- **Scraped caption text data**:
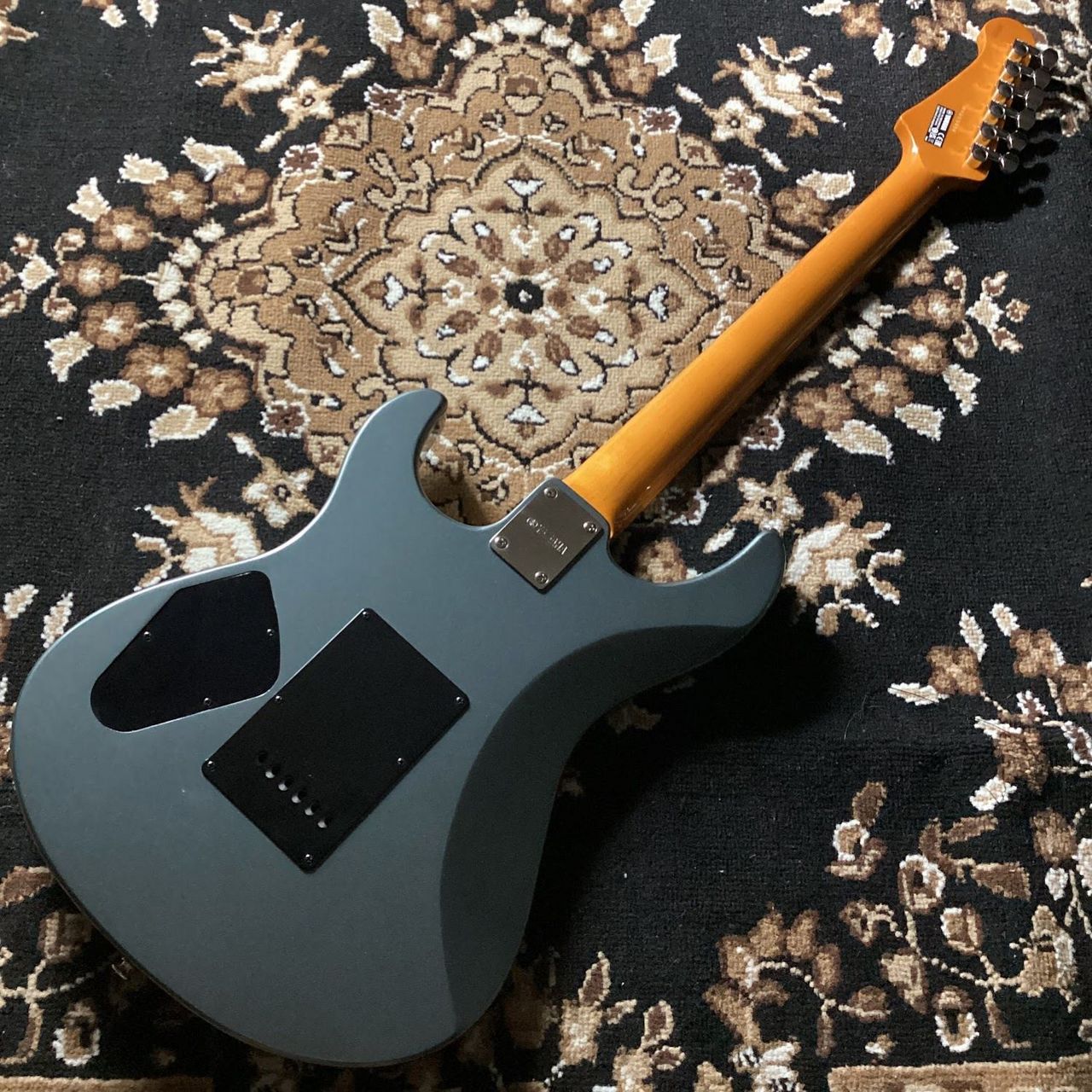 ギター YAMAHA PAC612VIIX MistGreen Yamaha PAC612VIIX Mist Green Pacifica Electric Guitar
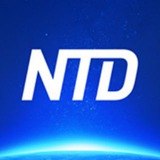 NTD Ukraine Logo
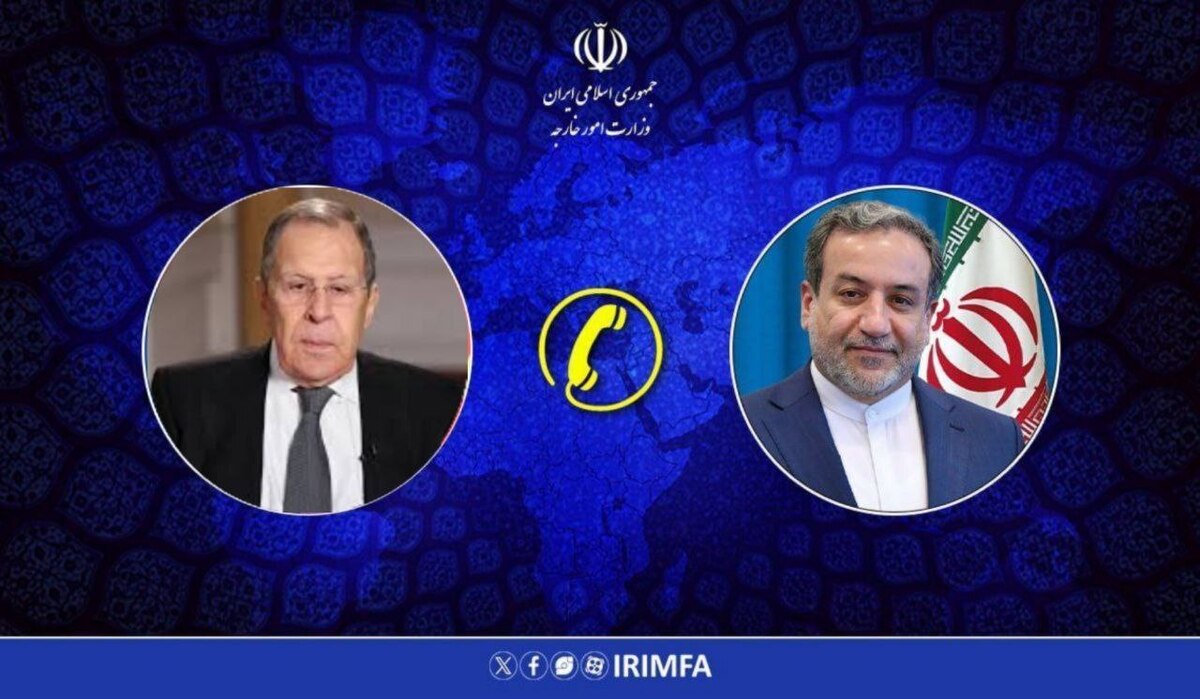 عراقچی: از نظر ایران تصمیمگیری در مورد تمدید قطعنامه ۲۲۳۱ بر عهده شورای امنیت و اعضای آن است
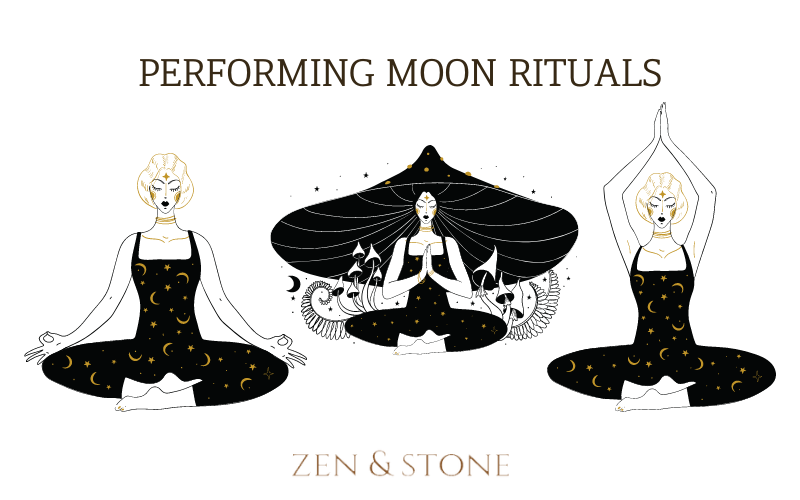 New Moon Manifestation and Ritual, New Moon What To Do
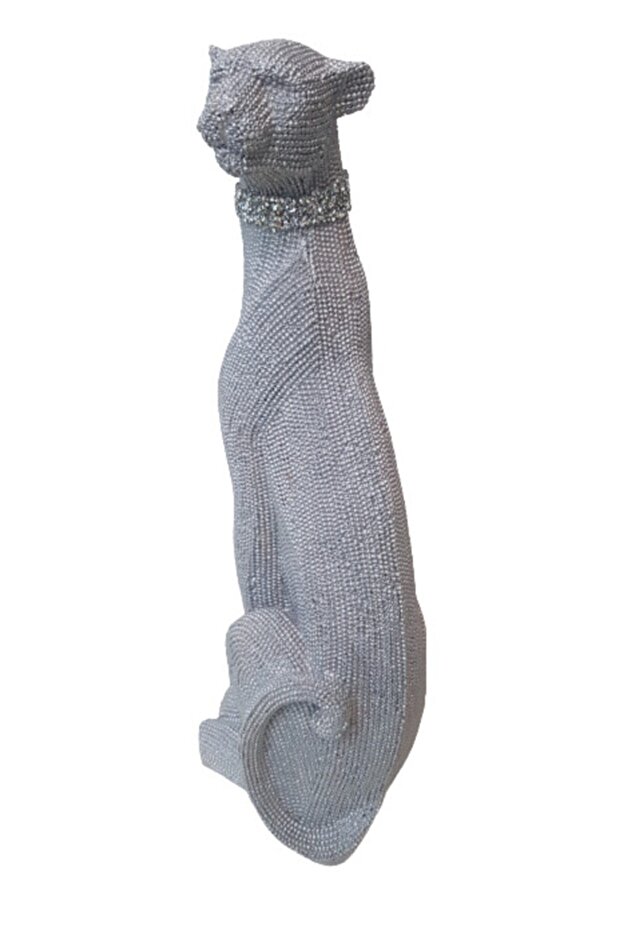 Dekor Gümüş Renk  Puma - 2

- **WHAT TO DO**:
Find the line that contains "NTD Ukraine Logo", then write out that line and each one after it, exactly and with nothing else, through the end of the entries above, without the pictures.

- **EXERCISE RESPONSE**:
 NTD Ukraine Logo
 عراقچی: از نظر ایران تصمیمگیری در مورد تمدید قطعنامه ۲۲۳۱ بر عهده شورای امنیت و اعضای آن است
 New Moon Manifestation and Ritual, New Moon What To Do
 Dekor Gümüş Renk  Puma - 2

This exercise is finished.